Input material Block Start

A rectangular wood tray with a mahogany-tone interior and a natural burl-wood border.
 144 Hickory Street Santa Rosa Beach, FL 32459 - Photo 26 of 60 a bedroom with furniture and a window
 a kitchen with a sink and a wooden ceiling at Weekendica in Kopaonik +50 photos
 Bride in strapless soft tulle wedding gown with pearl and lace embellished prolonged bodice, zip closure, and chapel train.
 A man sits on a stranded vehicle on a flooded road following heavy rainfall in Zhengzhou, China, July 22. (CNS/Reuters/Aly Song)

Input material Block End

**What you are asked to do**
Your job is to copy all the records exactly.

**Your response**
A rectangular wood tray with a mahogany-tone interior and a natural burl-wood border.
 144 Hickory Street Santa Rosa Beach, FL 32459 - Photo 26 of 60 a bedroom with furniture and a window
 a kitchen with a sink and a wooden ceiling at Weekendica in Kopaonik +50 photos
 Bride in strapless soft tulle wedding gown with pearl and lace embellished prolonged bodice, zip closure, and chapel train.
 A man sits on a stranded vehicle on a flooded road following heavy rainfall in Zhengzhou, China, July 22. (CNS/Reuters/Aly Song)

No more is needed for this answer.